A challenge for audiovisual archives

However, we are facing some serious challenges and unfortunately, these affect audiovisual (AV) archives more than any other creative medium.

Here is the issue: we have currently digitised around 10% of all our heritage. Of that 10% (which represents around 300 million objects), only about one third is available online, and of that, only 7% is available for reuse. At Europeana, we work very hard to improve this equation and as you can see almost 20% in Europeana can be shared, adapted (all within full respect of copyright of course) while the other 80% can at least be viewed online.

Unfortunately, AV is trailing behind the pack in this competition for access: on Europeana Collections, we provide access to around 1 million videos, and 700,000 sound recordings.

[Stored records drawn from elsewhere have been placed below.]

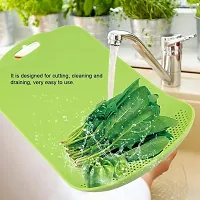 tvAt Cutting Chopping Board for Fruit Vegetable Cheese Easy Cutting Board Large Plastic Cutting Board  (Green Pack of 1 Dishwasher Safe)-thumb1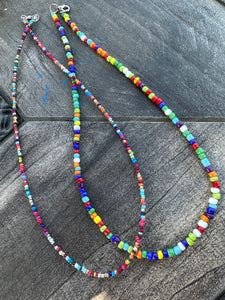 Multi color seed bead choker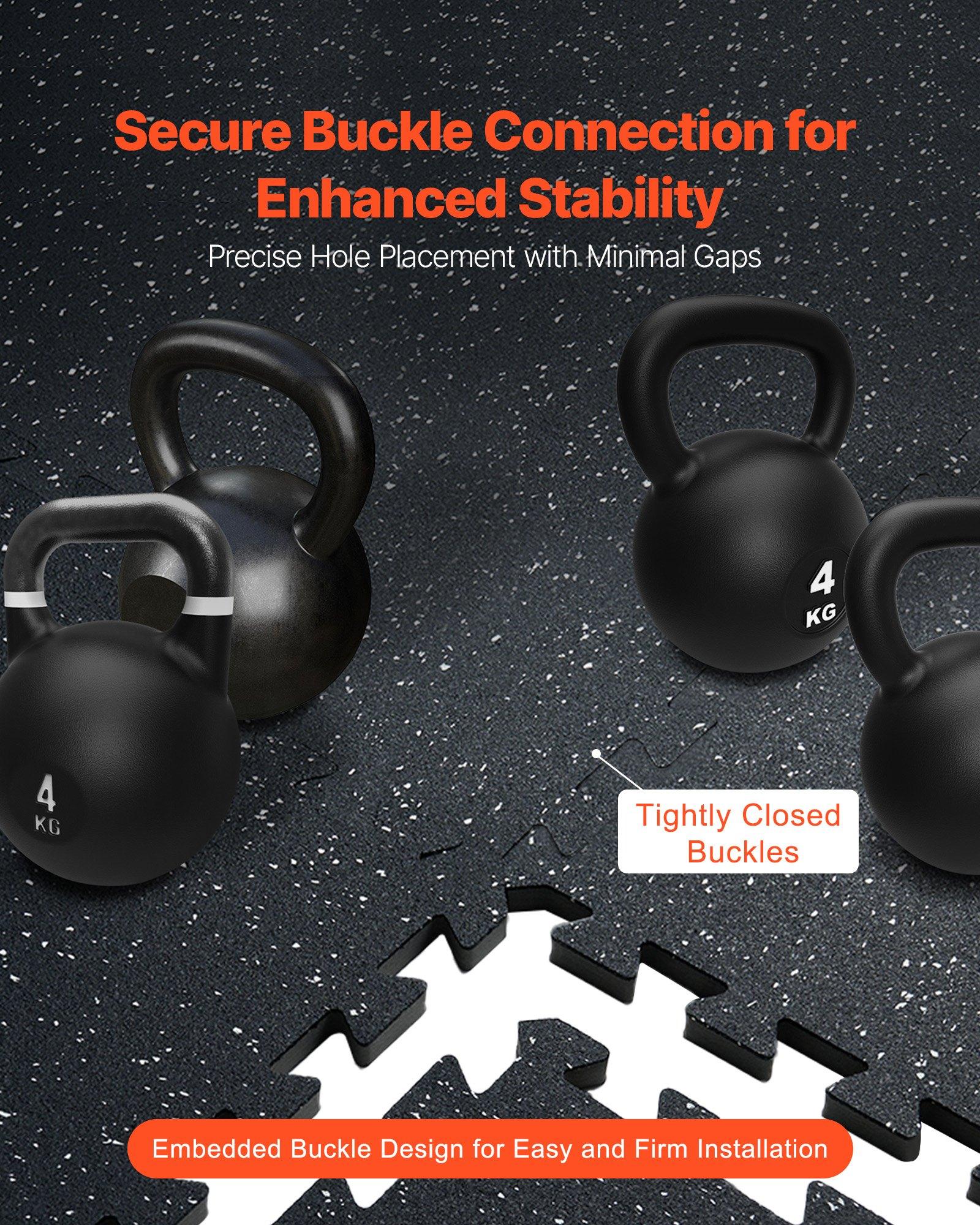 VEVOR 0.56 Inch Thick Gym Floor Mats, 6 Tiles Rubber Top with EVA Foam, 25" x 25" Gym Flooring Workout Mats with 25 sq.ft Coverage, Interlocking Puzzle Gym Mats for Gym, Home, Garage, Black & White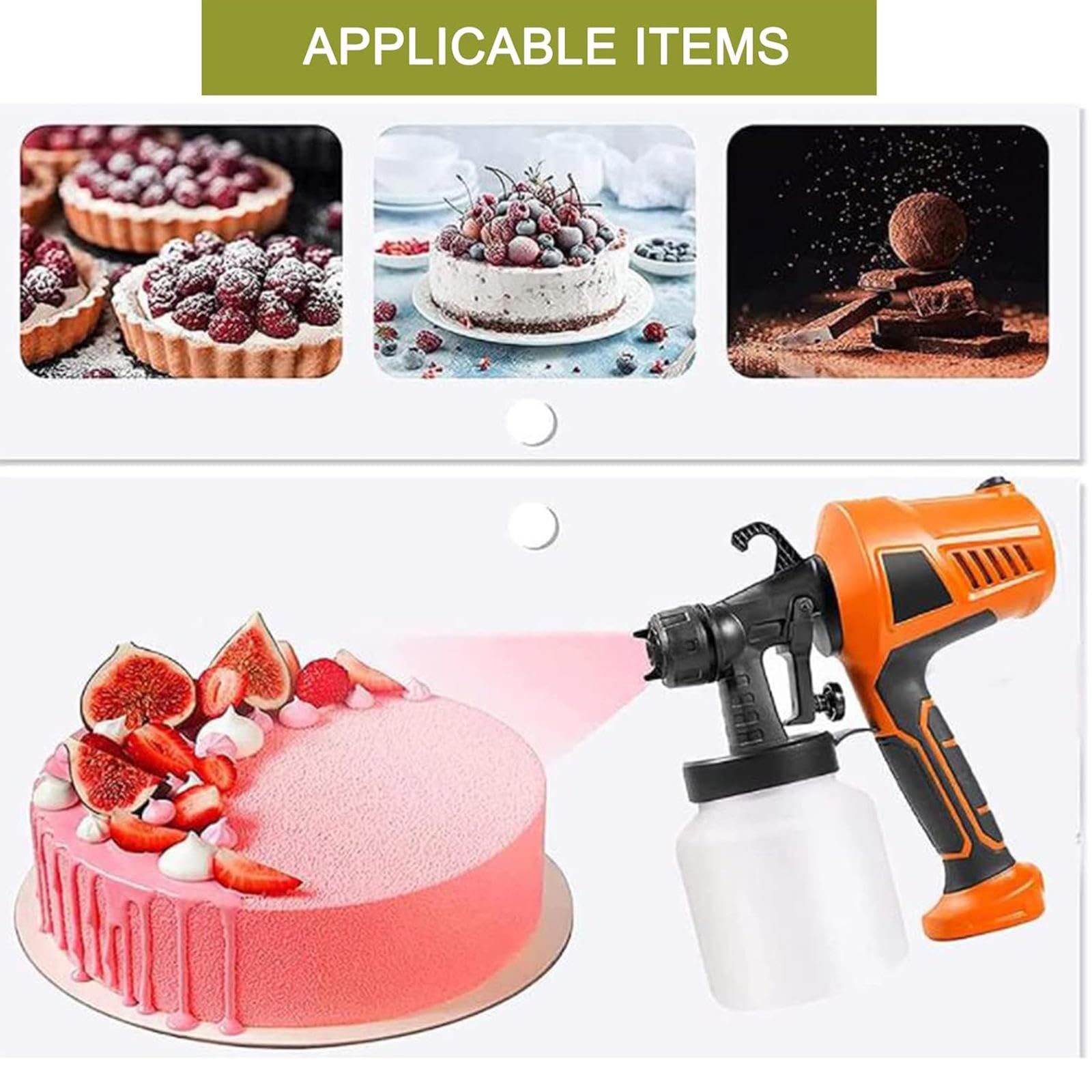 Pistola Pulverizadora de Chocolate, Herramienta de Repostería para Decoración Artesanal con Pistola Pulverizadora de Alta Potencia y Tres Patrones de Pulverización para Hornear Galletas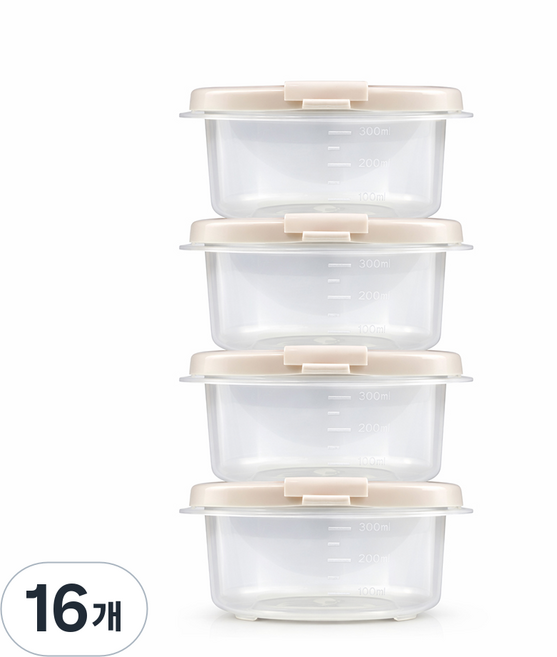 DAMDA 담다톡 전자레인지 보관용기 냉동밥, 16개, 정사각1호(350ml)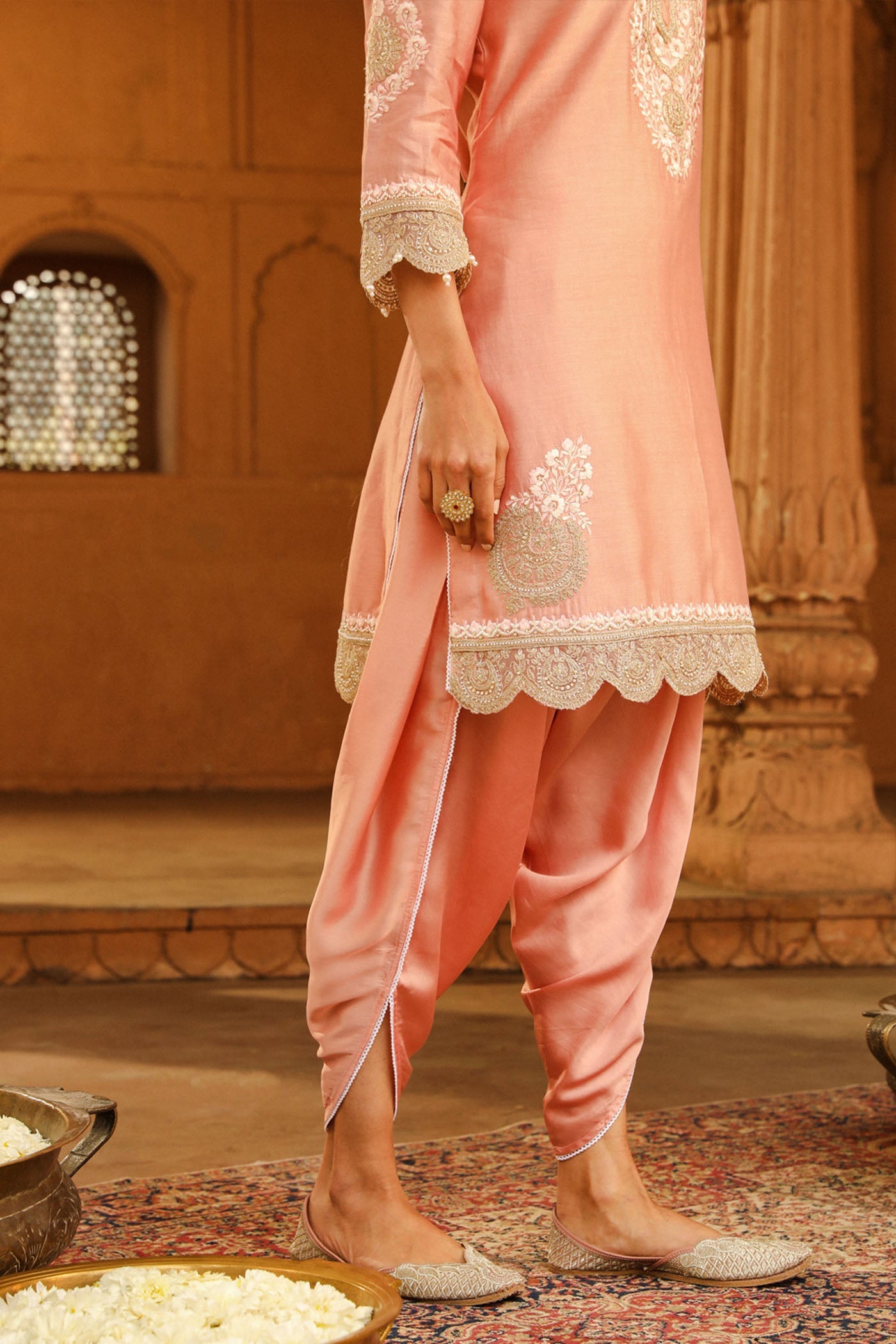 Ernika - Off Rose Kurta with dhoti (Lxrts)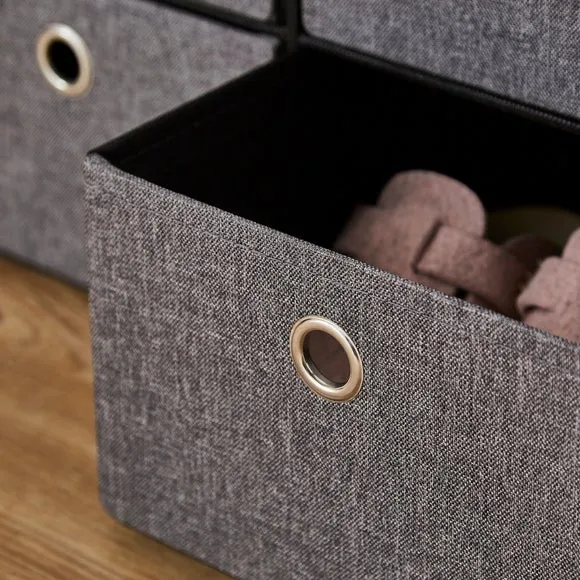 6 Drawer Faux Linen Foldable Ottoman 2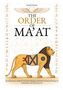 „The Order of Ma'at“ in großen Buchstaben, flankiert von ägyptischen Hieroglyphen und einem stilisierten Löwen., Buch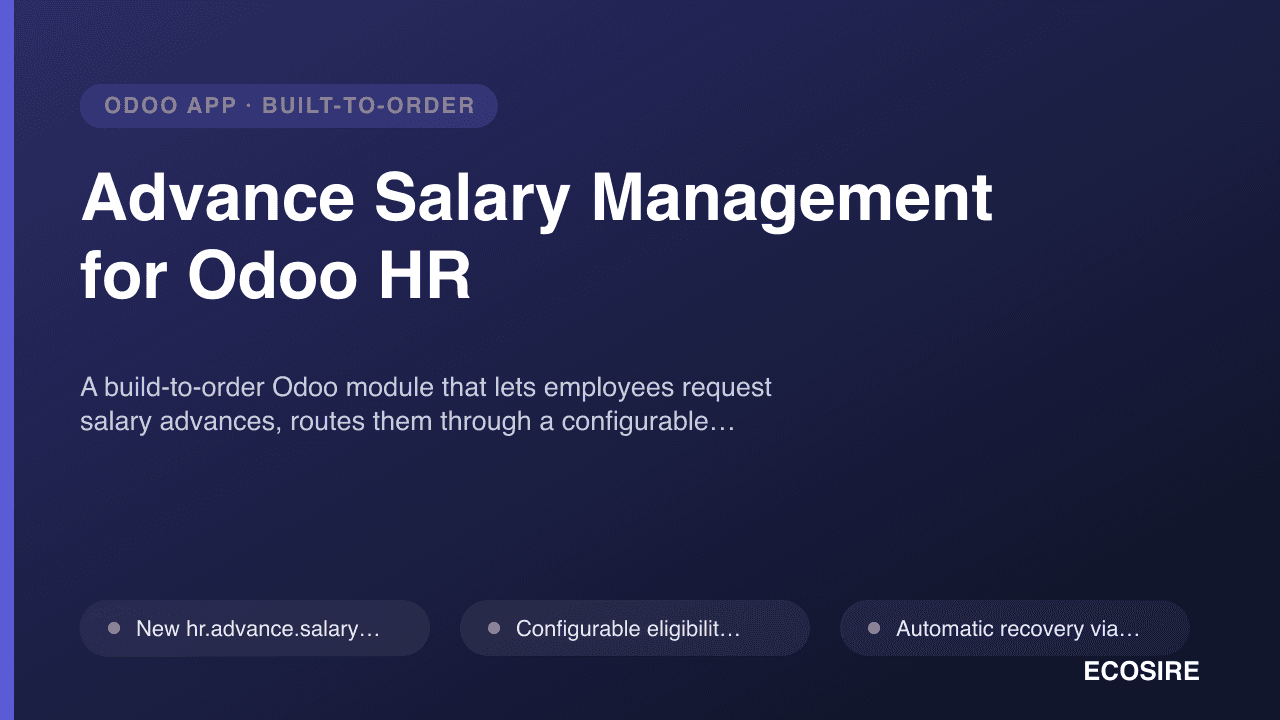 Advance Salary Management for Odoo HR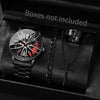 4PCS/Set Fashion 3D Car Wheel Dial Men Sports Watch Luxury Men's Stainless Steel Band Quartz Watches Jewelry Set（Without Box）
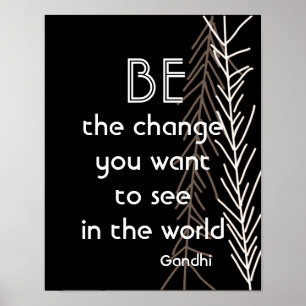 Póster La cita de Gandhi poster motivacional ser el cambi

However, only 6,000 (0.5%) is explicitly labelled as available for reuse.

So what can be done about this? How do we have an impact on the big societal issues that Europe faces using a powerful agent like AV archives to our advantage?

A large part of this issue lies of course in copyright. We encourage institutions to adopt open access policies where they commit to publishing collections they own the copyright to under an open license. But at this point in time, it is more important that we work together with our partners to develop technological solutions that improve the access to content, within the current copyright framework.

Think for example of embeddable players that allow image archives to stream their material in different contexts, still within the copyright frameworks.  

The potential of AI and data mining archives

But we should think much further than that: what if we could make full use of the capabilities of AI and machine learning to mine these archives, at scale? We’d be able to make all kinds of connections, discover patterns and uncover the past in unprecedented ways!

A prototype version of the Time Machine project has been experimenting with deep mining the city archives to extract intelligence about cities of the past. Trade routes, social mobility patterns, the way knowledge flowed through the city over time. Mining this data brings about endless possibilities to improve education, enrich tourist experiences and give meaning to the past.

Imagine doing this at scale across Europe, also mining AV archives using speech and image recognition, and partitioning of scenes. This would allow us to bypass the most apparent limitations - allow for the easy translation of subtitles and findability of relevant sections of otherwise very long and unwieldy videos.

That is exactly what the Time Machine FET flagship initiative proposes: the development of a large-scale (robotised) digitisation and computing infrastructure to extract intelligence using AI.

When we talk about ‘digital transformation’ we should ask ourselves: ‘what do we want to be transformed into?’ Do we want that transformation to be dictated by large corporate platforms? Or do we want to use the strengths of our networked infrastructure and set the terms ourselves?

I would like to encourage the European Union to be bold and support large-scale, ambitious innovation projects such as Time Machine. These projects have the potential to turn one of our biggest assets, cultural heritage, into an instrument of social and economic innovation.

The above is a transcription of the presentation.